This indicates that the country is in the early stages of a new credit expansion cycle, following a period of credit contraction during the recent economic crisis.
According to Central Bank’s periodic credit supply survey, banks’ willingness to lend reached a high of 59.6 index points in the second quarter of 2025, up from 57.3 in the first quarter. This marks the ninth consecutive quarter of positive growth in lending sentiment. This willingness is projected to continue through the current third quarter, buoyed by favourable banking sector liquidity, the ongoing economic revival, and a positive overall outlook.
Meanwhile, demand for loans, which has already expanded for eight consecutive quarters, is expected to intensify further in the third quarter. This signals higher credit disbursements by licensed banks, building on a second quarter that also saw record growth in private sector credit.
For instance, licensed commercial banks expanded their total outstanding private sector credit by a mammoth Rs. 221.6 billion in June alone, the largest growth recorded in a single month.
In the second quarter (April to June), commercial banks increased their total outstanding private sector credit by Rs. 441.5 billion, a sharp acceleration from the Rs. 274.6 billion extended in the first quarter (January to March).

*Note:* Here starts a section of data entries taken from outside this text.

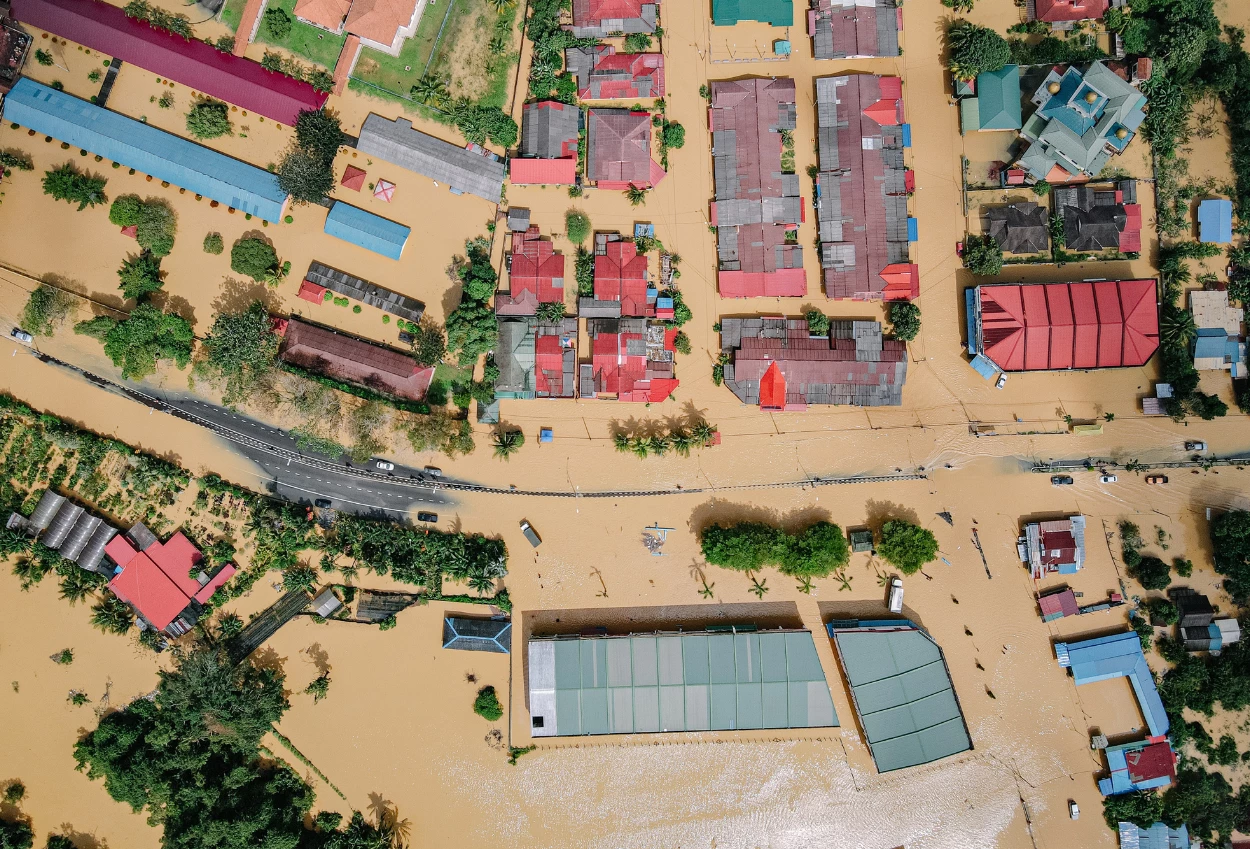 Bekasi dikepung banjir, lebih dari 4.000 keluarga terdampak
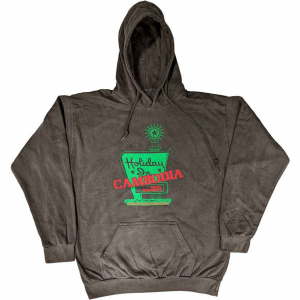 Dead Kennedys - Holiday In Cambodia Uni Char Hoodie in the group OTHER / Övrigt / at Bengans Skivbutik AB (5552159r)
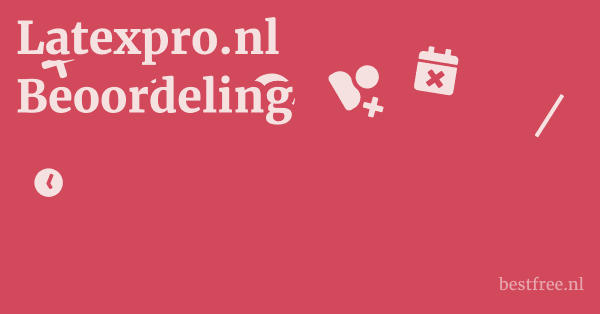 Latexpro.nl Beoordeling 1 by BestFREE.nl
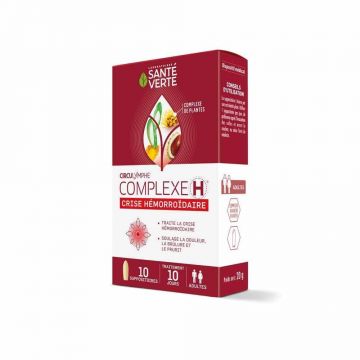 Sante Verte Circulymphe Complexe H 10 supozitoare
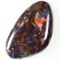 Unmounted boulder opal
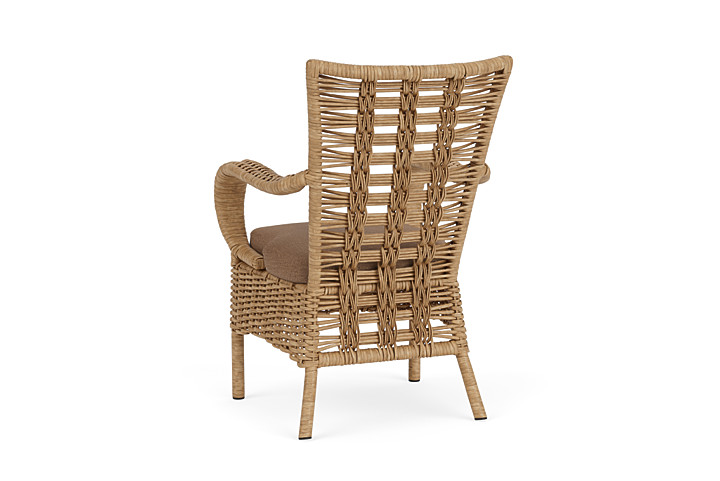 Lloyd Flanders™ Magnolia Dining Armchair - Canvas Natural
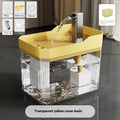 CrystalFlow Cat Water Fountain — Fresh Running Water & Daily Hydration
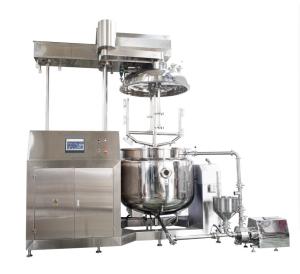 Quality Professional Vacuum Emulsifier Mixer for Liquid Cosmetics Manufacturing Industry wholesale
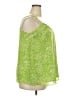 Torrid 100% Polyester Green Sleeveless Blouse Size 2X Plus (2) - photo 4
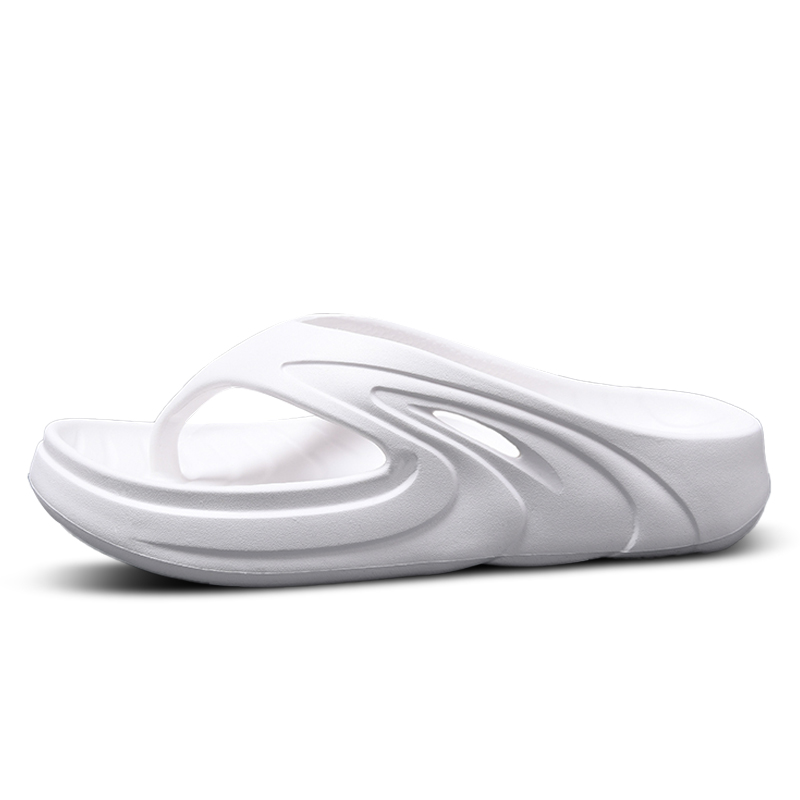 Hong Kong Meng Мужские белые шлепанцы с устойчивостью к истиранию и противоскользящим покрытием, цвет White
Hong Kong Meng Мужские белые шлепанцы с устойчивостью к истиранию и противоскользящим покрытием, цвет White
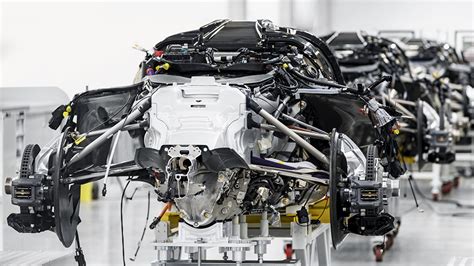 The Hp Aston Martin Valkyrie Hypercar Is Now In Production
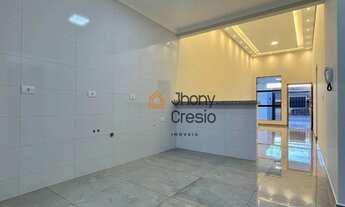 Imagem 6: Casa com 3 dormitórios à venda, 105 m² por R$ 470.000,00 - Loteamento Sumaré - Maringá/PR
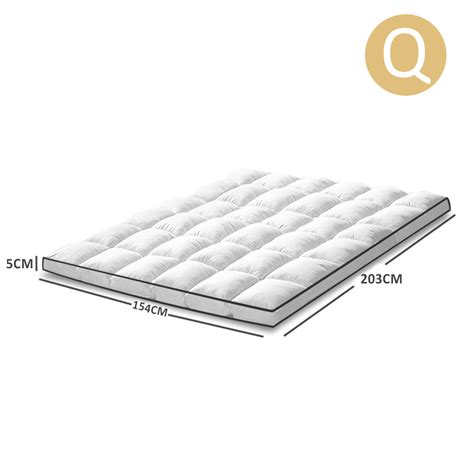 Shop for pillow top mattress pads in mattress pads. DreamZ Pillowtop Mattress Topper Luxury Bedding Mat Pad ...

This brings the total credit growth for the first six months of the year to a huge Rs. 716.1 billion.
The survey cited declining interest rates, rising vehicle imports, and improved business confidence as key reasons for the expected acceleration in credit demand.

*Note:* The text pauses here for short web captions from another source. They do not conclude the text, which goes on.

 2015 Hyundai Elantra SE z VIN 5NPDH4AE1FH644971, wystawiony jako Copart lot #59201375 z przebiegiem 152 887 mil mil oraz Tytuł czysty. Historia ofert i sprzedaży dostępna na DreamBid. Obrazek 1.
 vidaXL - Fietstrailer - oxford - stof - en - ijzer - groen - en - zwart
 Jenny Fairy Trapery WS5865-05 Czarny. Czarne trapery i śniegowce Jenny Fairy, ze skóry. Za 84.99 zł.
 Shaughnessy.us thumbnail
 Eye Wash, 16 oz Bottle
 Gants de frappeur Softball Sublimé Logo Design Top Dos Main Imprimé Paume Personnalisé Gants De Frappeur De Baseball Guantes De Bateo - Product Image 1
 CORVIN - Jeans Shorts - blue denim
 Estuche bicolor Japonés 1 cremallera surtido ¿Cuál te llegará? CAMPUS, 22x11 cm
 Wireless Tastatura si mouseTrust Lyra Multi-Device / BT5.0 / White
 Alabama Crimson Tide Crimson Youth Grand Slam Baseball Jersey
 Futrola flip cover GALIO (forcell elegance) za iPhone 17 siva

The benchmark average prime lending rate (APLR), the rate offered to banks’ most creditworthy customers, fell by two basis points last week to 8.07 percent. This follows the Central Bank’s statement in July confirming that its 25-basis-point policy rate cut in May was successfully transmitting to market rates.

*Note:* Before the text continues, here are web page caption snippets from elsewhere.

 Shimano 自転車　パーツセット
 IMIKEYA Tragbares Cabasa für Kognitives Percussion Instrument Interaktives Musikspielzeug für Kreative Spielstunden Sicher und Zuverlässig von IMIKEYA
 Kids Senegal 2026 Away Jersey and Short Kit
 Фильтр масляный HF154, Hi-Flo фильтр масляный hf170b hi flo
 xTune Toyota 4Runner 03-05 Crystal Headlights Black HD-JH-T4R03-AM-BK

A pent-up demand for vehicles is also fuelling loan growth, with just over 135,000 vehicles registered in the first seven months of the year, prompting strong demand for financing.
This rapid credit expansion follows a period of contraction throughout 2023. The cycle began in the second half of last year as the economy started recovering from the deep recession of 2022-2023. As foreign currency availability improved through the normalisation of remittances and a recovery in tourism, the Central Bank began easing its monetary policy in June 2023, paving the way for the current cycle.
In July, the Central Bank downplayed concerns about the economy overheating, noting that the country is recovering from a period of credit contraction. Furthermore, the Central Bank noted that borrowing by State-Owned Enterprises (SOEs) -which previously crowded out the private sector- is now declining as they settle existing facilities rather than taking on new debt.
A categorical breakdown in the survey revealed that while the willingness to lend to SOEs has decreased, the outlook for lending to the retail, corporate, and SME sectors has improved. In a positive sign for bank asset quality, the non-performing loan (NPL) ratio fell during the second quarter, a trend that is expected to continue.